Das Schlussdoppel musste es richten.

Lippert/Strobl gegen Tom/Jonas. Hoffentlich kann unser Einser Doppel mal wieder die alte Leistung abrufen, denn die wäre hier dringend nötig gegen einen starken Gegner. Und der zeigte bereits im ersten Satz das er ein unentschieden will. Der Satz ging mit 11:8 und einer schwachen Leistung unserer Jungs an den Gegner. Puuuh das wird hart. Der Start in Satz zwei lies mich fast vom Glauben abkommen. Jonas hat eigentlich eine gute Leistung abrufen können, dennoch führte der Gegner mit 8:4. Das lag vermutlich an den 8 gefühlt verzogenen Top-Spins von Tom. Der Ball wollte von Tom´s Schläger einfach nicht auf die Platte. Warum lässt er dann nicht einfach mal Jonas ran??? Den hat er dann auch mal gelassen und plötzlich konnten Sie den Satz noch drehen. Beim 8:8 wurde der Ton auf der gegnerischen Platte schon rauer. Und jetzt sind die Bälle auch bei Tom wieder gekommen. Lag wahrscheinlich daran das er nur jeden 2ten oder 3ten gezogen hat. 11:8 für Eschenbach, wahnsinn!!! Das gibt´s doch nicht dachten sich die Chamerauer. Jetzt eine kurze Ansage von mir mit der Klarstellung der Aufgabenbereich. Es spielt derjenige einen Top-Spin der diesen heute spielen kann, und das bist nicht Du „Tom“. Das hat er auch so hingenommen und lies Jonas die Sache erledigen. Ferner spielen wir Top-Spin im klassischen Stil, nicht nach „H.R.-Style“. Auch Jonas hat die Ansage verstanden. Die nächsten beiden Sätze waren Spitzentischtennis. Im vierten Satz konnte der Gegner noch etwas Gegenwehr zeigen. Im fünften war die Luft raus. Klare Sache mit 11:5 und 11:5 und ein Sieg mit dem an diesen Abend keiner gerechnet hätte. Einfach nur Geil.

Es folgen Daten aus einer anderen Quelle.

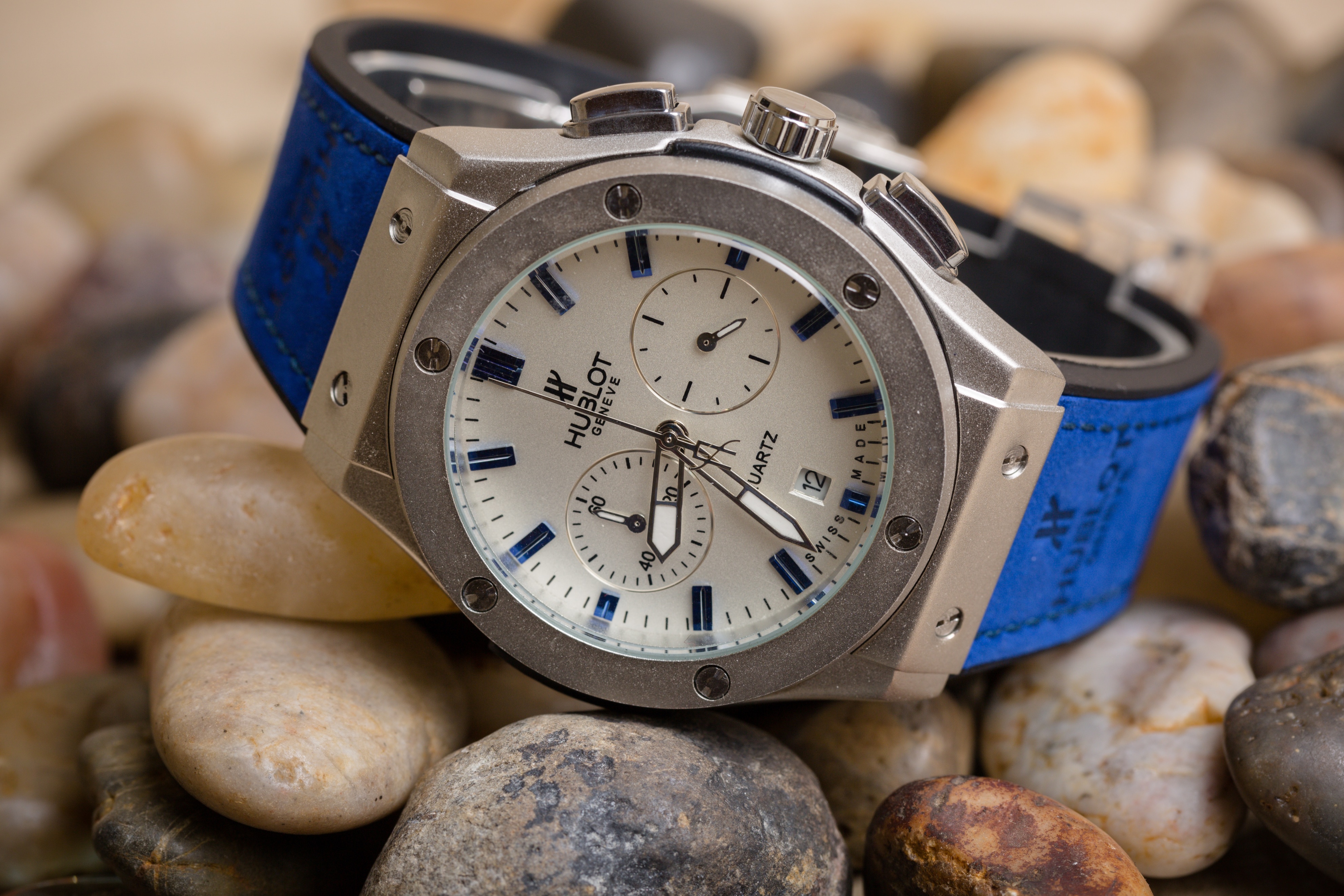 玩表石英手表,适合年轻人戴的瑞士腕表小众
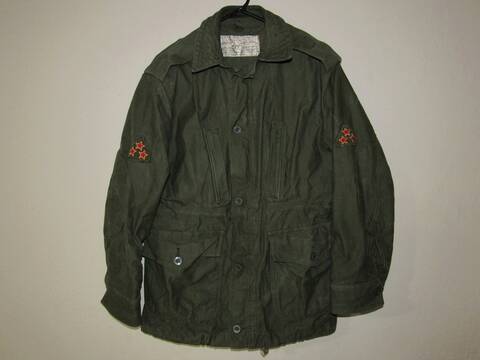 Irish Combat Tunic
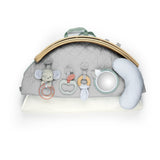 Ingenuity - Salteluta de activitati cu doua fete Cozy Spot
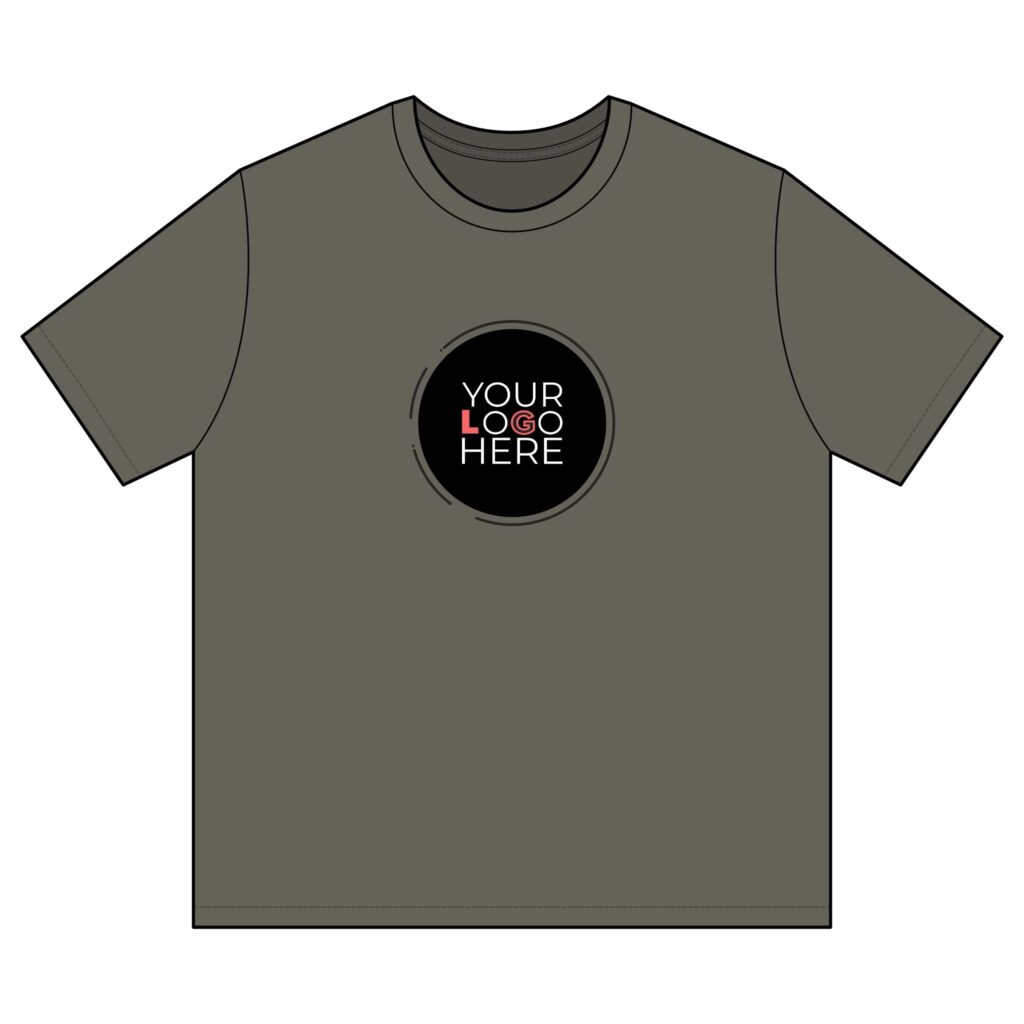 Men'S Short Sleeve T-Shirt - Image 5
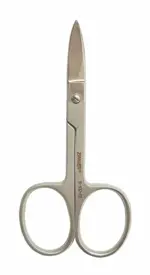 Zinger Ножницы для ногтей маникюрные, 1 шт, арт. B-102-FD-SH фото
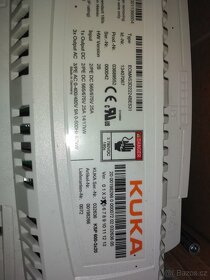 Menic KUKA KSP 600 3x20 - 2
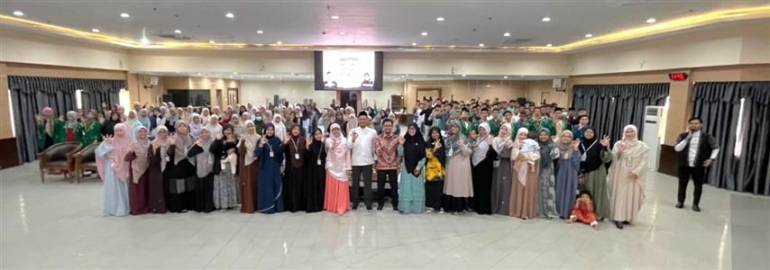 RSQ Teens Academy Hadirkan Ruang Bertumbuh bagi Remaja Muslim melalui Seminar “Me, My Story and My Worth”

Ein fairer Verlierer gratulierte uns noch zu einer super Leistung. Nun konnten wir noch wählen ob Pizzeria vor Ort oder McDonald´s in Schwandorf. Wir gingen mit in die Pizzeria da beim McDonald´s das keinen interessiert hätte wie wir heute gewonnen haben. So konnten wir noch ein wenig in der Wunde bohren. Philipp hat sich noch kurz ne 50cm Pizza reingezogen was den Gegner wieder zum Staunen brachte.

Geile Leistung Jungs´s. Das Aufstehen machte mir heute sehr viel Spass.